Rather than impose ex-ante regulations that assume certain technologies are inherently high risk, a marginal-risk framework would allow regulators to focus on the incremental risks and benefits of particular AI systems relative to similar technologies. It would encourage flexibility and ensure that regulation is driven by the specific context and application of AI, rather than speculative risks. This is crucial for allowing open-source development to continue thriving, as blanket restrictions or broad risk classifications could disproportionately harm smaller developers who rely on open-access resources to innovate.
In contrast, many of the current legislative proposals risk entrenching a one-size-fits-all regulatory regime that would burden smaller developers and open-source projects with compliance requirements better suited to large, truly high-risk systems. By adopting a marginal risk approach, Congress could help to ensure that regulations are proportional to the actual risks involved, fostering a dynamic and innovation-friendly environment for AI development. This method would also mitigate the risk of centralizing power among a few politically connected firms by creating more tailored, flexible standards that can evolve alongside the technology.
Finally, a glaring omission in current legislative proposals is the absence of federal-preemption provisions. None of the bills noted above address the growing patchwork of state AI regulations, but would instead merely add new federal requirements atop existing state rules. This threatens to create an unmanageable compliance burden that would jeopardize both innovation and effective deployment.

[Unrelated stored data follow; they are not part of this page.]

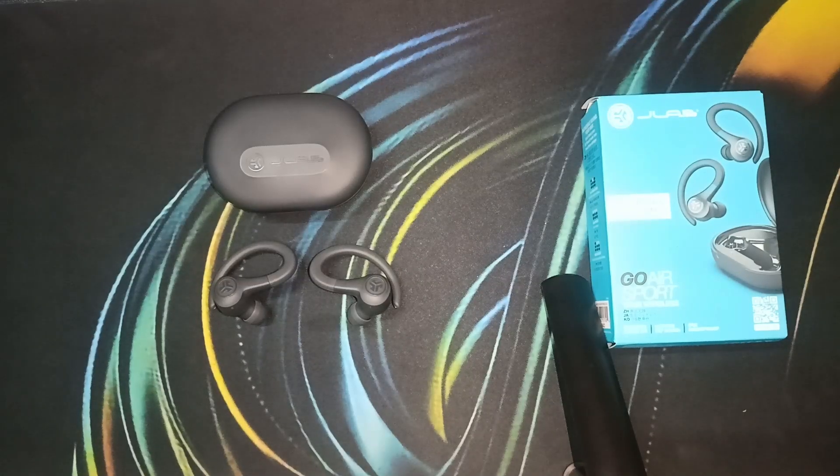Hello everyone, welcome back to our YouTube channel. In today's video we will see how to fix JLab Go Air Sports earbud not pairing together. So without wasting time, let's get started.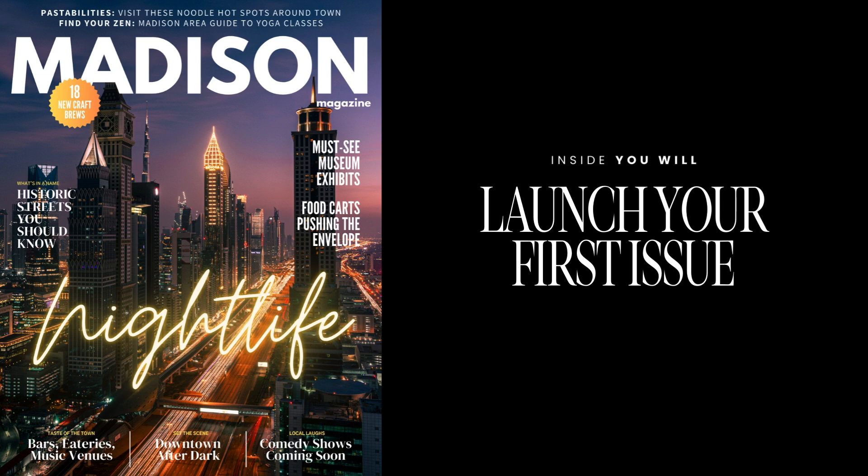In the very last module of this course, you are going to learn how to launch your first issue. I will help you go from idea to finished product inside this course — from concept to the finale, walking you through every single step in between to get your magazine off the ground.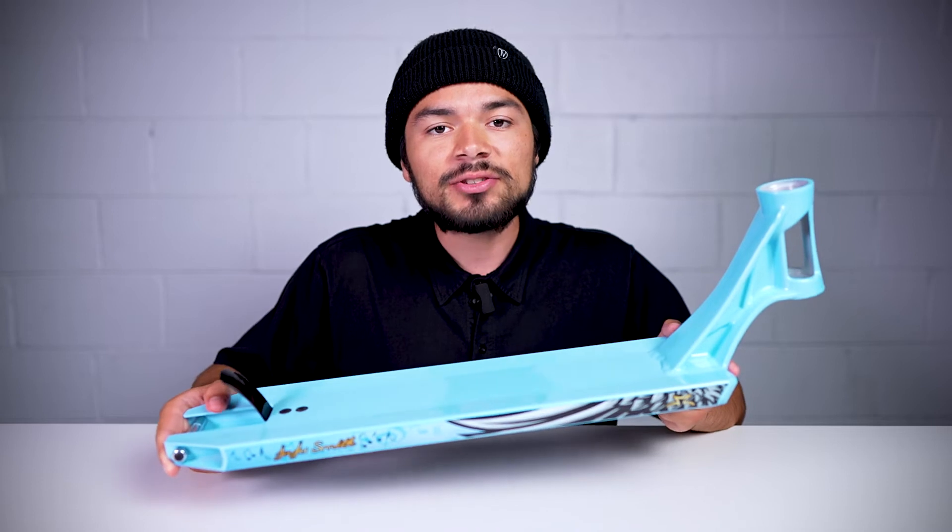Starting off, this deck is sold for $170 and it comes in this light blue colorway. This deck is 20.5 inches long by 5 inches wide.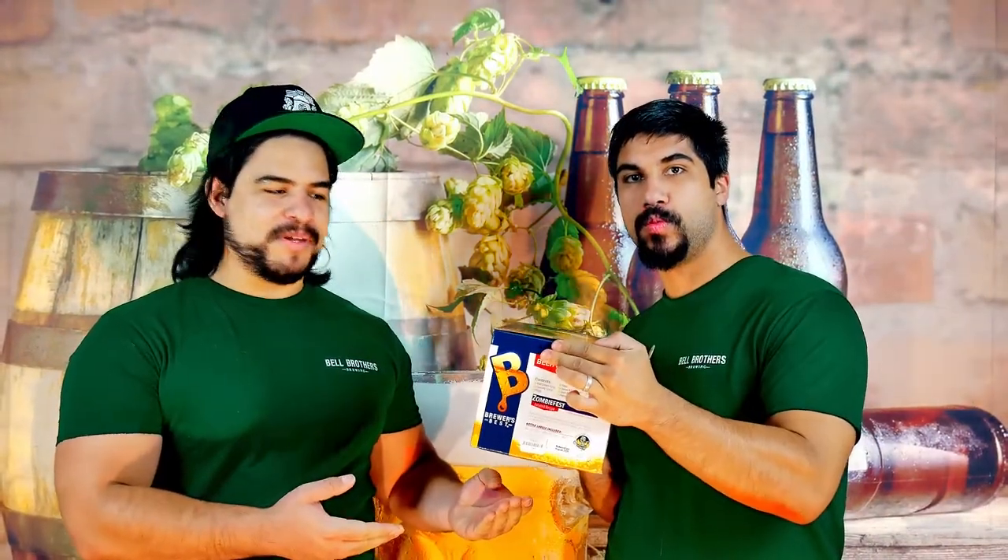That box brew is going to be the Zombiefest Extra Oktoberfest by Brewers Best. It was almost alliteration because it kind of all rhymed at the end there — the B3 Box Brew by Brewers Best, Zombiefest, Oktoberfest.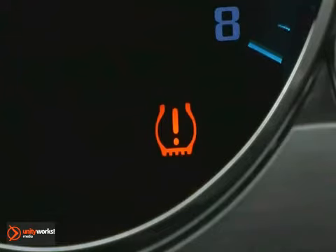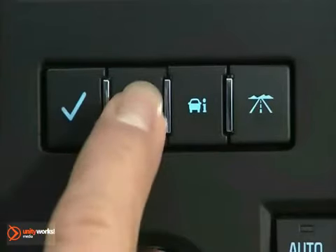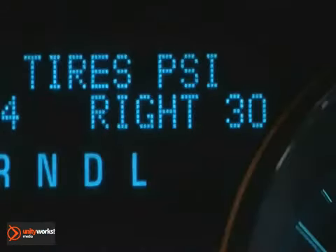The tire pressure monitoring system warning light alerts you to a loss in pressure in one of the vehicle's tires. Press the vehicle information button and scroll to front tires or rear tires in the driver information center. The pressure for each tire can be viewed in the DIC.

Without preemption, we risk creating a regulatory maze that favors large, well-resourced companies, while making compliance nearly impossible for smaller innovators and open-source projects. This oversight could effectively balkanize AI development in the United States, undermining our competitive position in these critical technologies.
Conclusion
As Congress grapples with how to regulate AI, the stakes are high. Missteps in regulatory design could stifle innovation, burden smaller developers, and centralize power among a few well-connected firms. While the bills currently on the table reflect a desire to address safety, transparency, and accountability, their one-size-fits-all approach risks imposing significant compliance burdens on open-source projects and smaller companies.

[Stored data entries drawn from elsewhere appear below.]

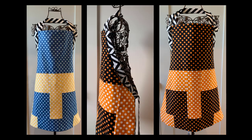Hi all, it's TJ and welcome to the preview for the Baby Lock and Bernina Serger Club for February. This month we're going to make a very fun reversible apron.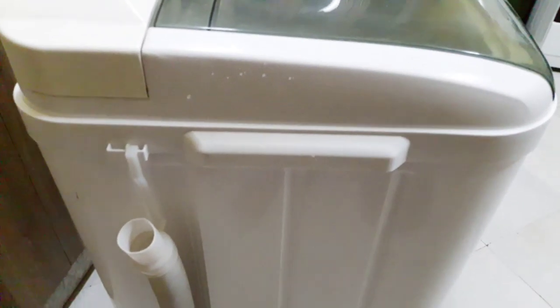On this side of the washing machine we have the drain hose. It's attached here and you can draw it down to where you want your water to drain — you can attach it on either side. When you're not using the machine you can put it back. The washing machine also has its own stand so it's stable by itself.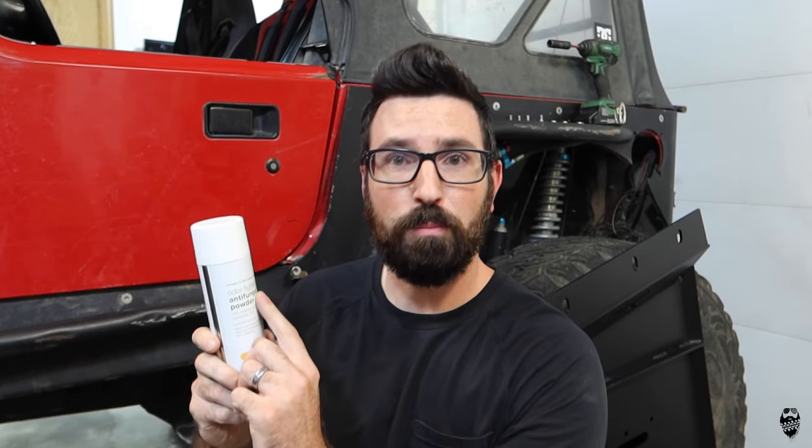What's up guys, welcome back to another video here on Muddy Beards 4x4. Today I'm going to be using odor-fighting antifungal powder spray in order to try and diagnose an oil leak on my automatic transmission in my Jeep Wrangler TJ, so stick around.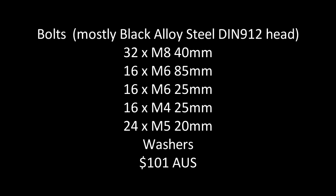I got the bolts from eBay for a total of $101 Australian. They were mostly black alloy steel with a DIN 912 head, which in other words is a round head with a hex socket.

A more balanced framework, such as the marginal-risk approach proposed by NTIA, offers a sensible path forward. Such an approach would emphasize context-specific regulations that target real, demonstrated harms without prematurely stifling innovation. If Congress can adopt that sort of measured, flexible model, it may find a way to ensure AI safety and accountability while still fostering a vibrant, competitive ecosystem for AI development.